LILLE, France — French prosecutors Tuesday dropped a probe into whether former IMF chief Dominique Strauss-Kahn took part in a gang rape in the United States, but kept open another one into alleged pimping.
Strauss-Kahn had denied any criminal wrongdoing in the incidents investigated, which involved evenings with prostitutes and took place in Washington in late 2010 while he was still International Monetary Fund boss.
The Belgian woman who was allegedly raped wrote to French police in August to say she had consented to sex acts and was not pressing any charges, the prosecutor's office in Lille said.
It added in a statement that as no offence had been committed, a preliminary investigation was being shelved.
Strauss-Kahn, two businessmen and a police chief were charged in March with "aggravated pimping in an organised gang" for allegedly contributing to the procurement of prostitutes for sex parties.
The former Socialist politician admits attending orgies in France and the United States but claims he did not know the women involved were being paid to take part.
The pimping investigation is ongoing with another hearing due at the end of November but Strauss-Kahn's lawyer, Henri Leclerc, said he was confident his client would ultimately be cleared of any wrongdoing.
"There is no hint he was involved in pimping. You will see that emerge although right now this is fuelling scandal."
Strauss-Kahn's career collapsed spectacularly after his arrest last year on accusations he sexually assaulted a New York hotel maid.
Criminal charges against him were quickly dropped because of doubts over the reliability of the alleged victim's testimony.
She is however pursuing a civil case against her alleged attacker while Strauss-Kahn has filed a counter suit against her for defamation and is pursuing a claim of malicious prosecution through the American courts.
Strauss-Kahn's high-profile arrest and the public airing of the lurid details of the allegations made against him effectively destroyed his ambitions of becoming the Socialist candidate for France's presidential elections in May and June.
His reputation was further shredded on his return to France as details of another alleged attack and the pimping case surfaced.
The case, known as the "Carlton affair" in France, centres around allegations that business leaders and police officials in Lille operated a vice ring supplying girls for sex parties, some of which are said to have taken place at the Carlton Hotel in the northern city.
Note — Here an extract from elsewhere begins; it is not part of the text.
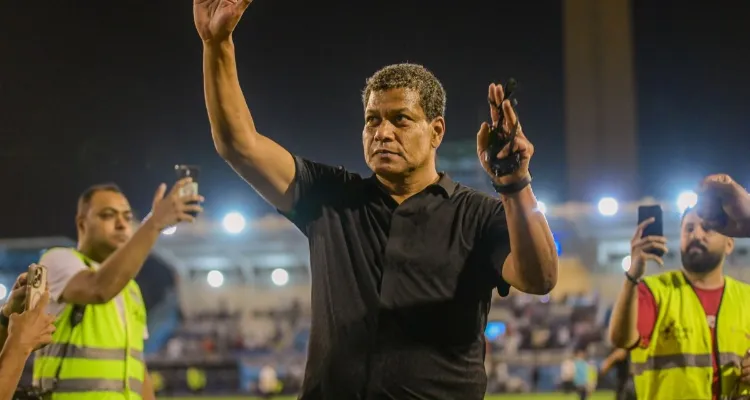 علاء عبد العال: تدريب الأهلي شرف.. وتريزيجيه بديل جيد لـ بن شرقي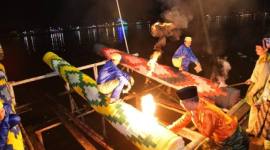 Meriam karbit dinyalakan sebagai tanda menyambut hari raya Idulfitri di Pontianak. (Prokopim Pontianak)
Among Strauss-Kahn's fellow accused is Jean-Christophe Lagarde, a police commissioner, and Rene Kojfer, the former public relations officer at the Carlton.
Lawyers for Lagarde and Kojfer have claimed their clients have effectively been caught up in a political witch-hunt against Strauss-Kahn, arguing that there would have been no probe but for his involvement.
Strauss-Kahn's wife of some two decades, Anne Sinclair, loyally stood by him when the New York scandal erupted but the couple have since split.